Übrigens: Thomas hatte im Laufe der Zeit auch ein Profil auf Conscious:Love erstellt: Nach einer langjährigen Beziehung war er wieder Single – «die Trennung hat mich ganz schön durchgeschüttelt». Während des Verarbeitungs- und Heilungsprozesses habe er seinen Blick nach innen gerichtet und so viel über sich selbst gelernt.

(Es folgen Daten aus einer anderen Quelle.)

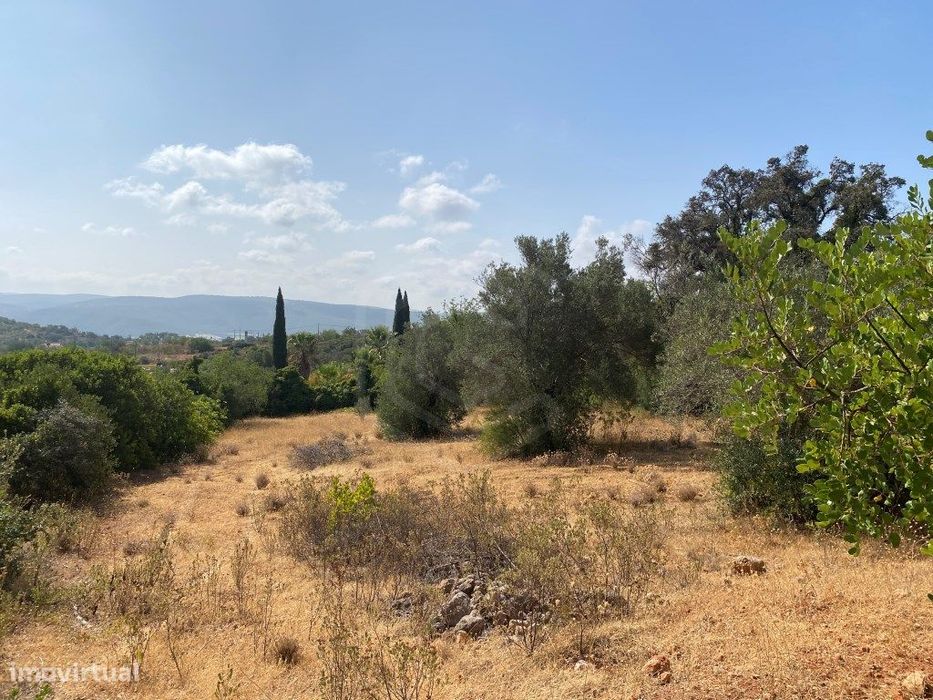 Lote de Terreno Rústico no Serro dos Passarinhos, Loulé, Algarve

Von emotionalen Herausforderungen nach dem Ende einer intensiven Beziehung handelt auch das Lied «Another Love» von Tom Odell. In diesem heisst es: «I want to learn to love, but all my tears have been used up.» Der Song erzählt die Geschichte eines Mannes, der nicht mehr richtig lieben kann, weil seine vorherige Beziehung all seine Liebe aufgebraucht hat. Daheim auf Thomas´ Klavier liegen die Noten dieses Liedes. Er hat sich das Klavierspiel mit Videos selbst beigebracht und spielt das Instrument nun seit gut einem Jahr, wie er beiläufig erzählt.

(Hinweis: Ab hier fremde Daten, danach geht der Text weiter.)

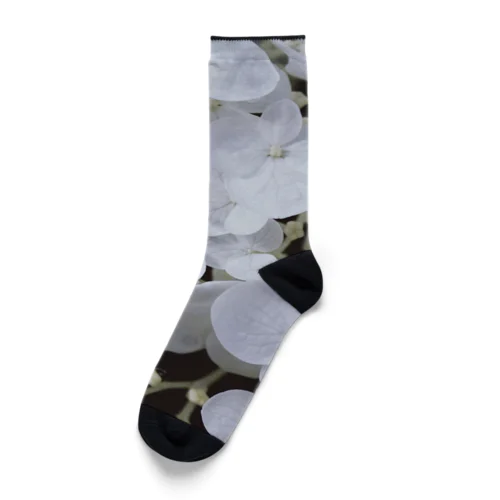 annabelle Socks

Während andere sich nicht aus ihrer Komfortzone bewegen, nimmt der Unternehmer neue Herausforderungen mit offenen Armen an – Visionsumsetzung und inneres Wachstum statt Stillstand und Bequemlichkeit, lautet sein Credo. «Entscheidend ist, was du in die Welt bringst», sagt er und zitiert Steve Jobs: «Ich möchte eine Delle ins Universum schlagen.»
«DIE FREIEN»: Lieber Thomas, Datingplattformen werden in Zeiten von Tinder und Co. in erster Linie mit oberflächlichen Begegnungen und schnellem Sex in Verbindung gebracht. Deine Vision ist es, «bewusste und aufgewachte Menschen» zu verbinden, sodass «tiefgründige und authentische Begegnungen, bewusste Partnerschaften» entstehen können. Was verstehst du unter einer «bewussten Partnerschaft»?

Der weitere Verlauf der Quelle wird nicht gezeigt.